* [DIRECTIONS FOR THIS TASK] Repeat the records below exactly from the line containing "Cadeira escritório giratória" to the line containing "4 bedroom house, Houghton", taking in both of those lines. Drop the pictures.

* [STUDY MATERIAL]
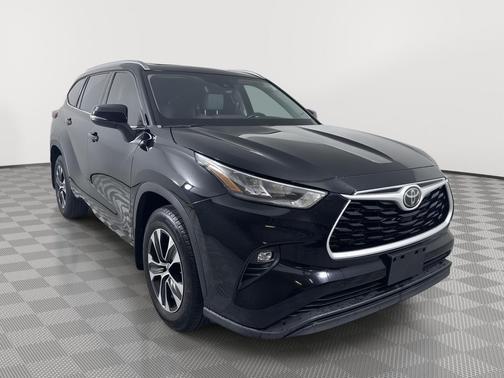 Midnight Black Metallic 2020 Toyota Highlander XLE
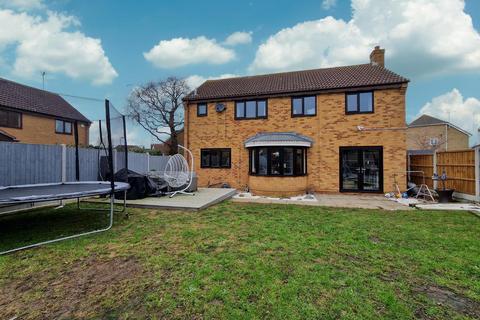 151 Churchfields, Shoeburyness, Southend-on-sea, SS3 8TW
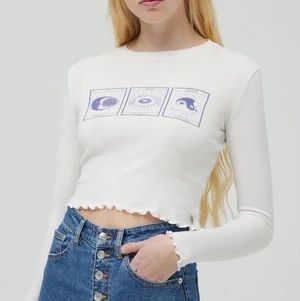 Långärmad top från Pull&Bear - Långärmad top från Pull & Bear. Är lite för liten för mig så har bara använt den ett par gånger 😊 storlek L men skulls  säga att den passar mer som en S. kan mötas upp i Malmö, annars betalar köparen frakt (48kr) 🌸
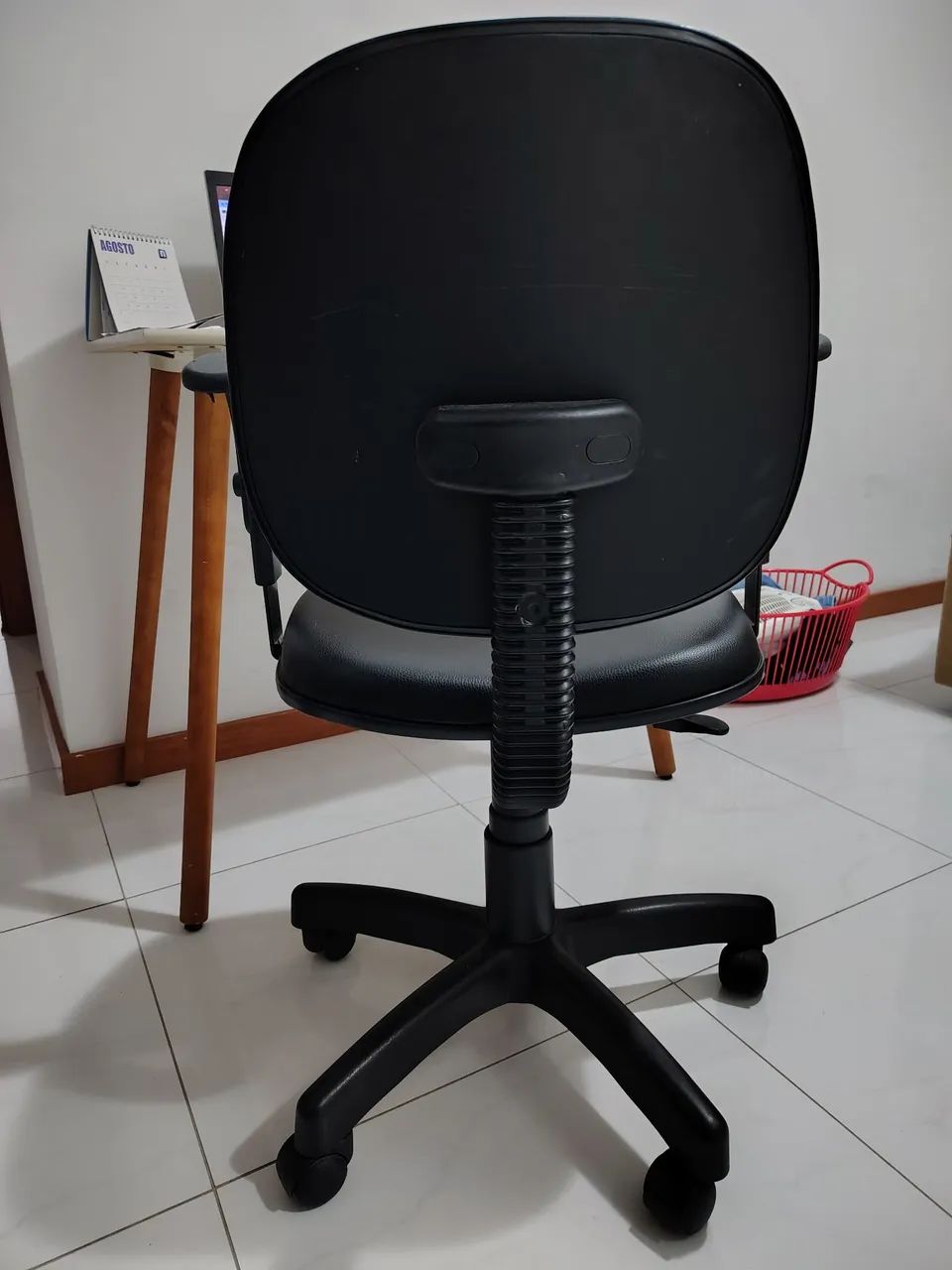 Cadeira escritório giratória 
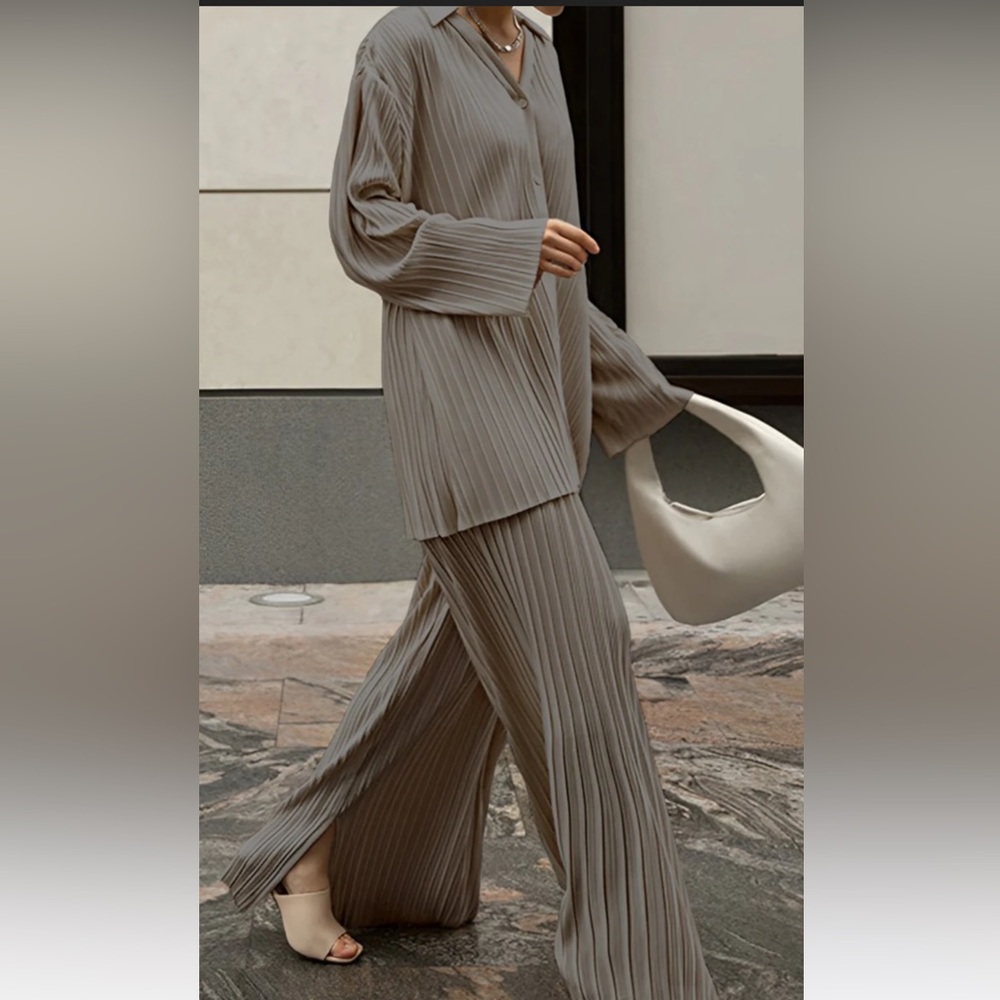 NWT, XL, Oversized Leisure Pleat Pockets Two Piece Pants Set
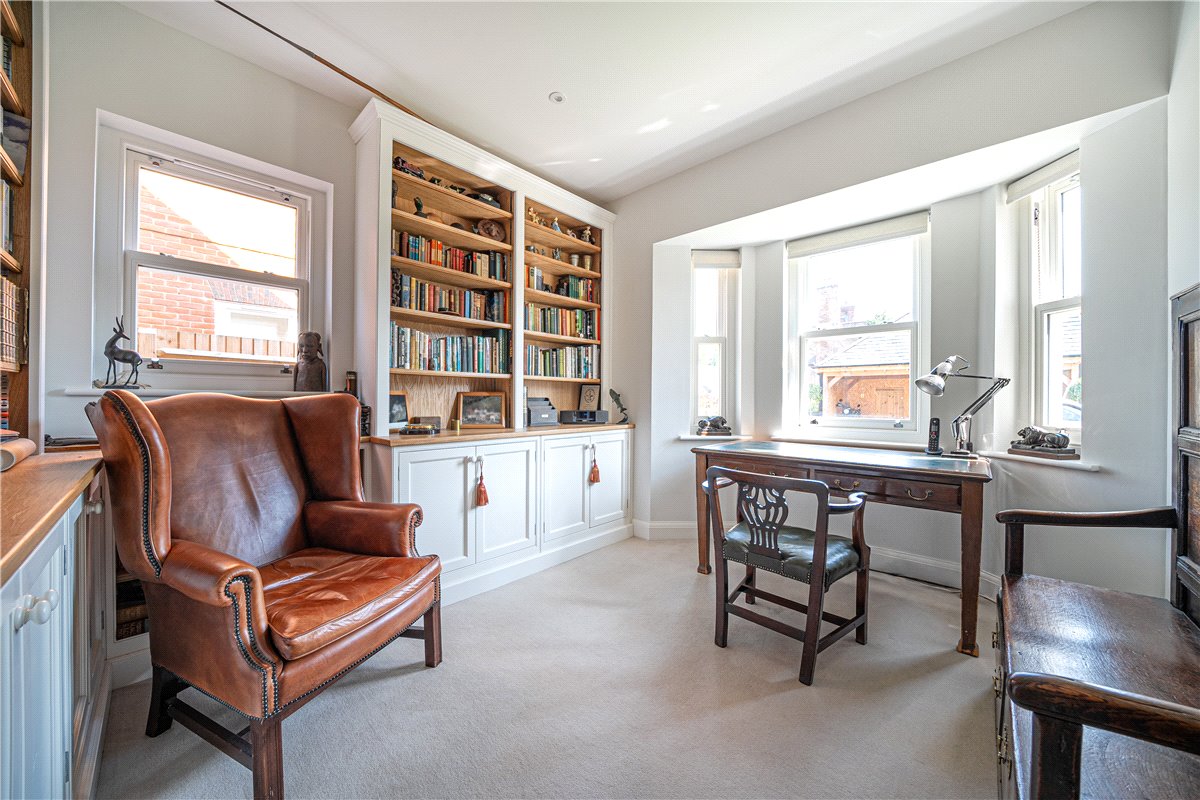 4 bedroom house, Houghton Farm Close, Houghton SO20 - Available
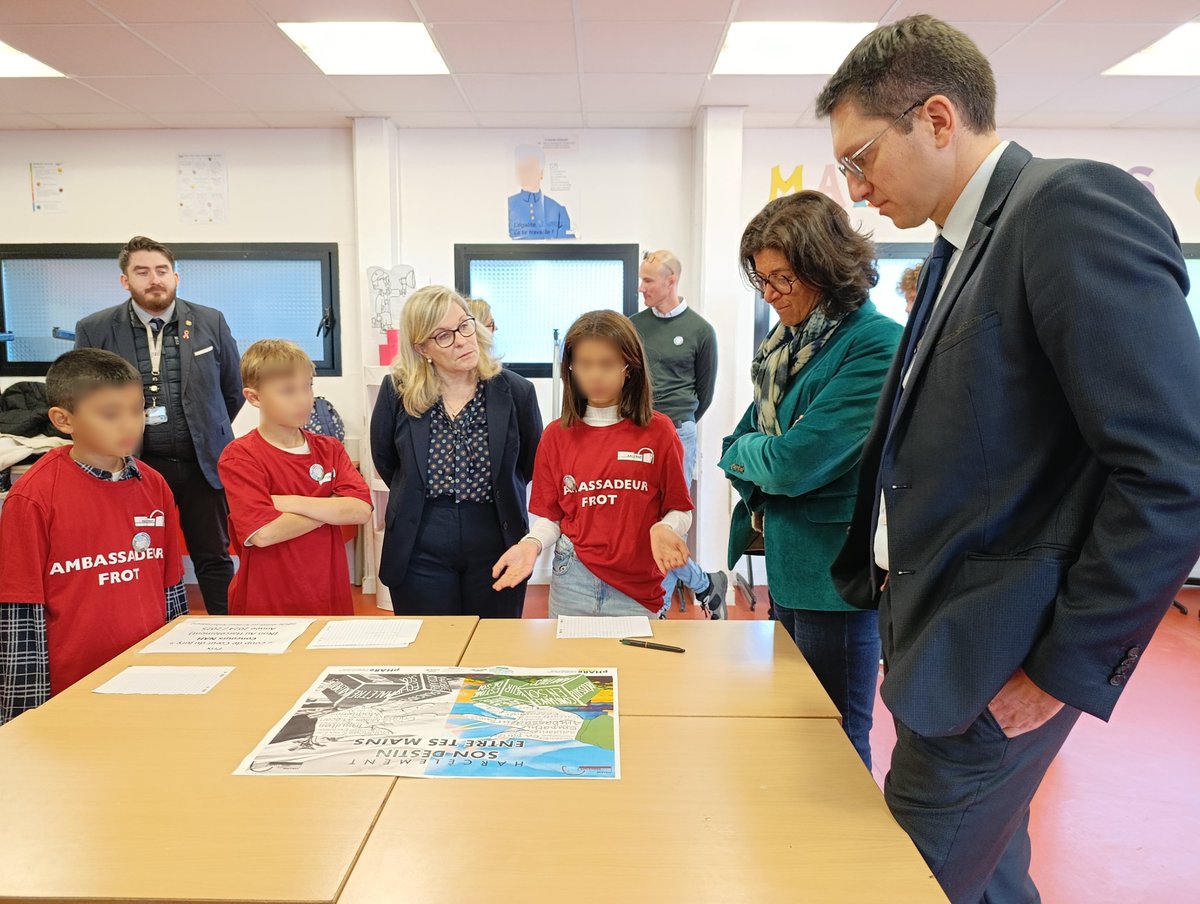 Hommage au collège Parc Frot de Meaux, en mémoire de Samuel Paty et Dominique Bernard, en présence d'Aline Vo Quang, DASEN, Julien Kerdoncuf, Sous-préfet de Meaux, et Sarah Lacroix, Vice-présidente du CD77. 
Rencontre avec les délégués du collège et les ambassadeurs pHARe.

* [TASK OUTPUT]
 Cadeira escritório giratória 
 NWT, XL, Oversized Leisure Pleat Pockets Two Piece Pants Set
 4 bedroom house, Houghton Farm Close, Houghton SO20 - Available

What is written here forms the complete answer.